START Provided material
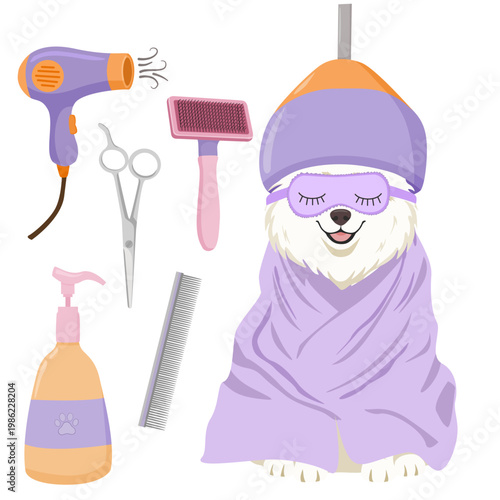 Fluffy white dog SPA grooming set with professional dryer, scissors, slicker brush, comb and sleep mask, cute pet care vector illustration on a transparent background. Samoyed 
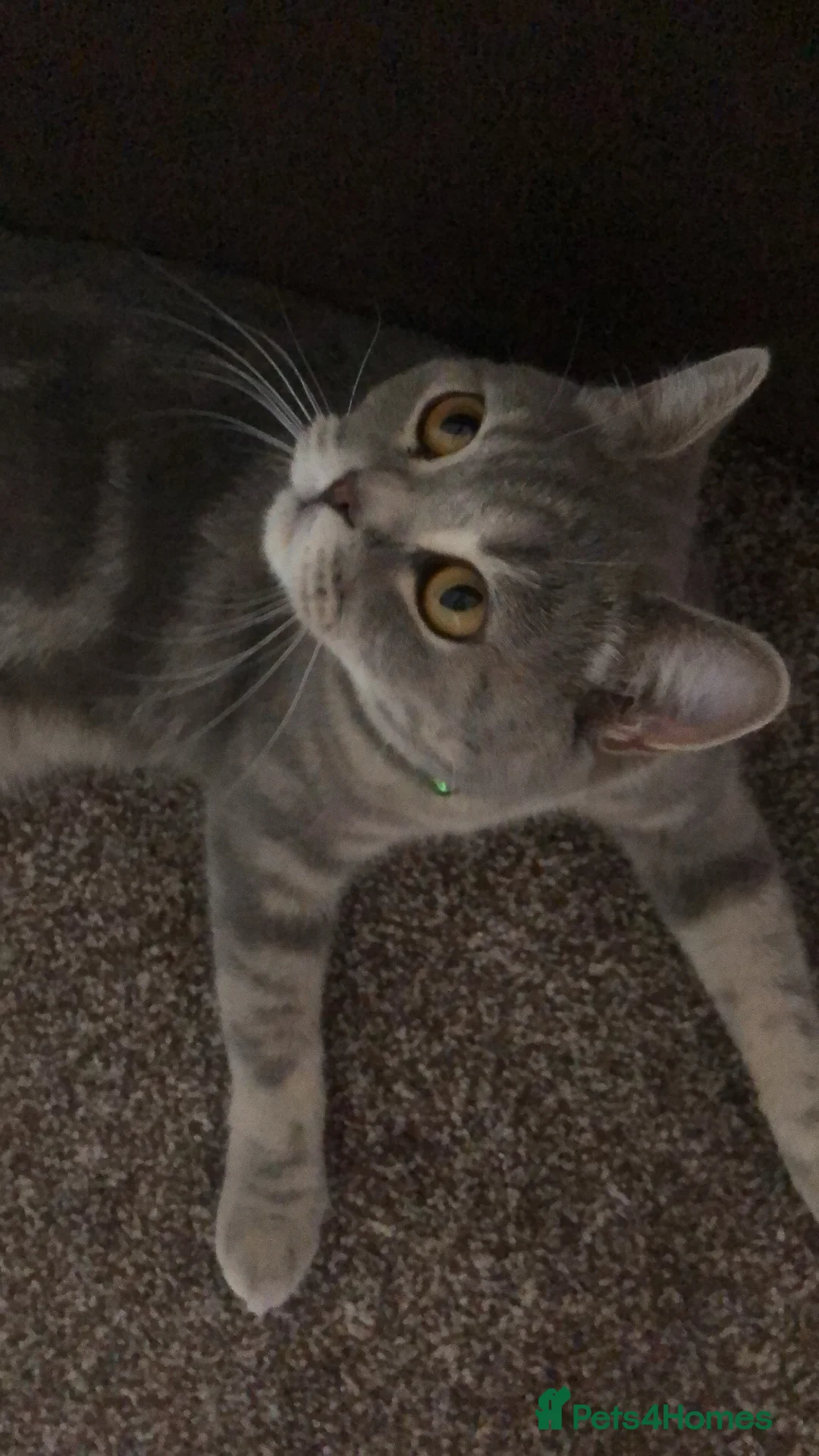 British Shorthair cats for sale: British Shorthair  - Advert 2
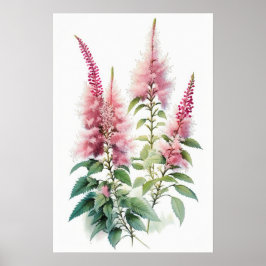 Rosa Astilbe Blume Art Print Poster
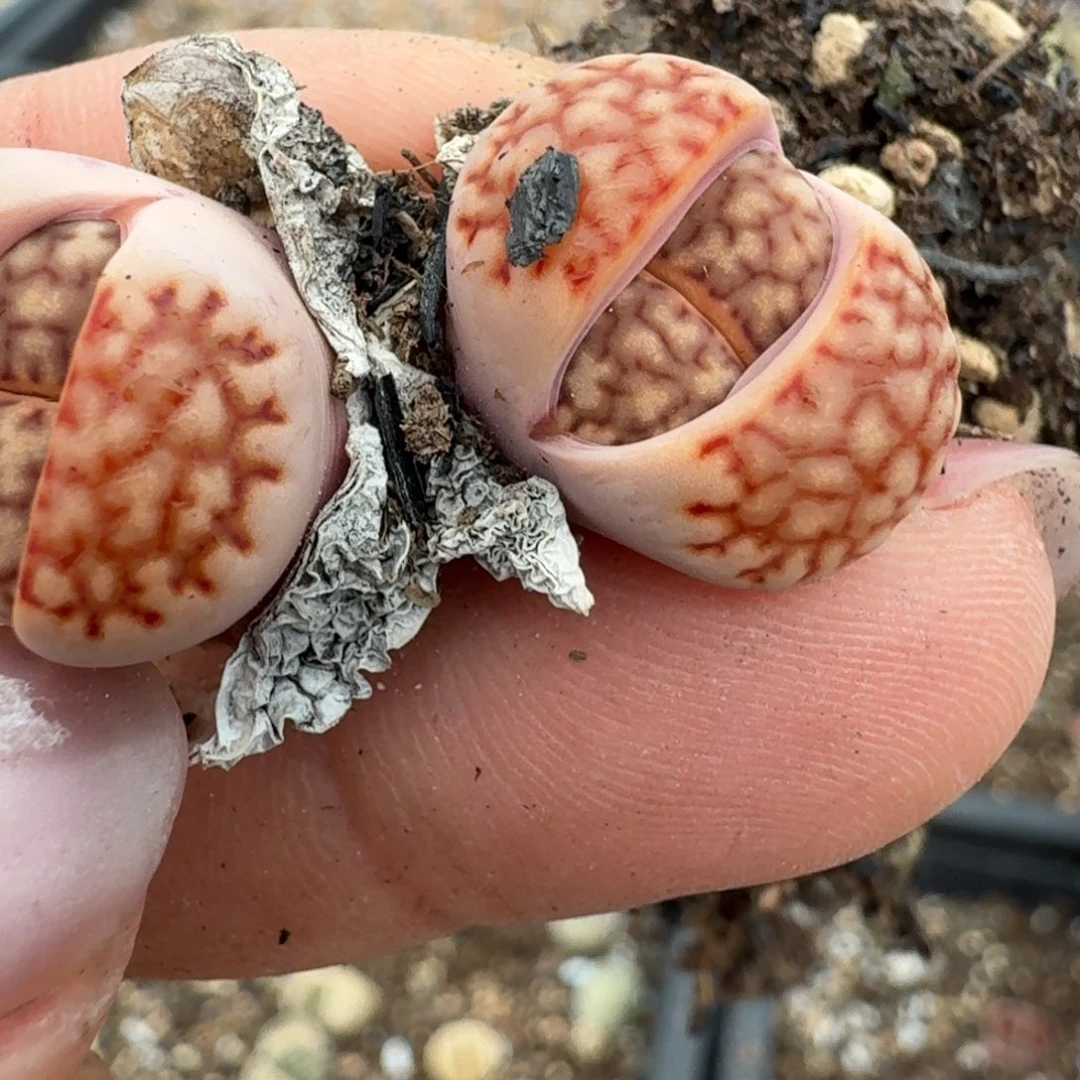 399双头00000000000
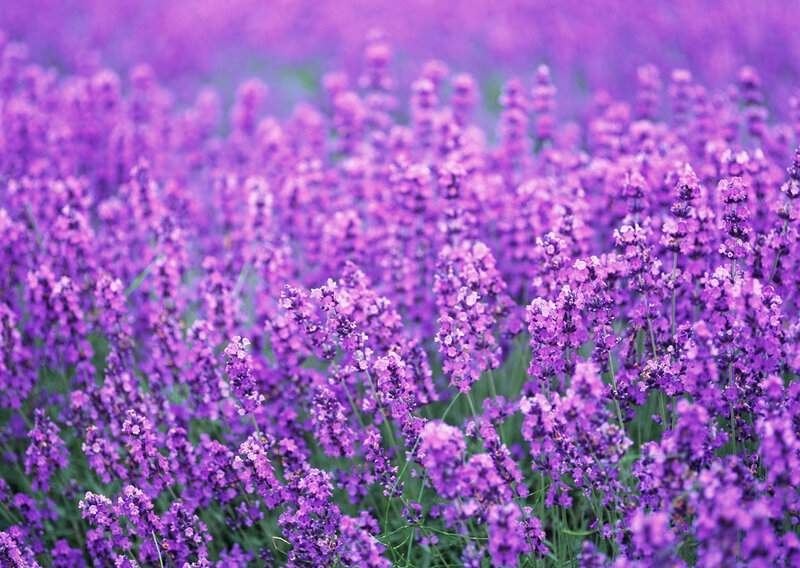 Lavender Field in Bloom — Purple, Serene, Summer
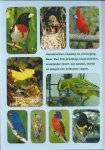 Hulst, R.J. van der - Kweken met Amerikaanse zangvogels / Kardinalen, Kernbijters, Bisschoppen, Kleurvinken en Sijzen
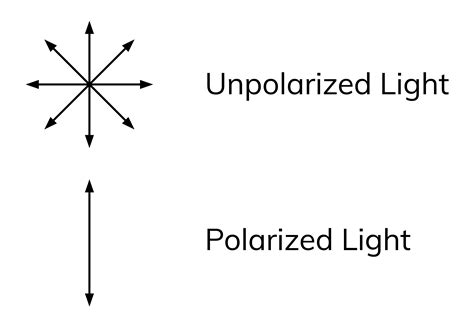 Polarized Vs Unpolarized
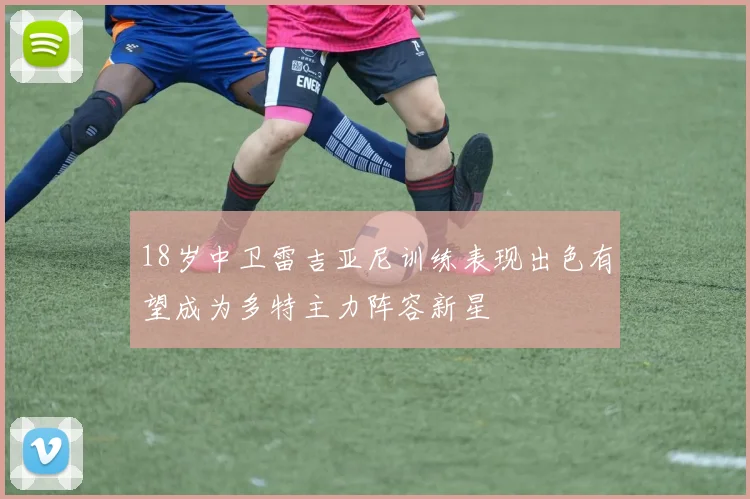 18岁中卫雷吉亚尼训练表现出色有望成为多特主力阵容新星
END Provided material
Task :: Line by line and exactly, reproduce the span from the line with "Lavender Field in" through the end of the data above, both ends included, with pictures left out.

Output ::
 Lavender Field in Bloom — Purple, Serene, Summer
 Hulst, R.J. van der - Kweken met Amerikaanse zangvogels / Kardinalen, Kernbijters, Bisschoppen, Kleurvinken en Sijzen
 Polarized Vs Unpolarized
 18岁中卫雷吉亚尼训练表现出色有望成为多特主力阵容新星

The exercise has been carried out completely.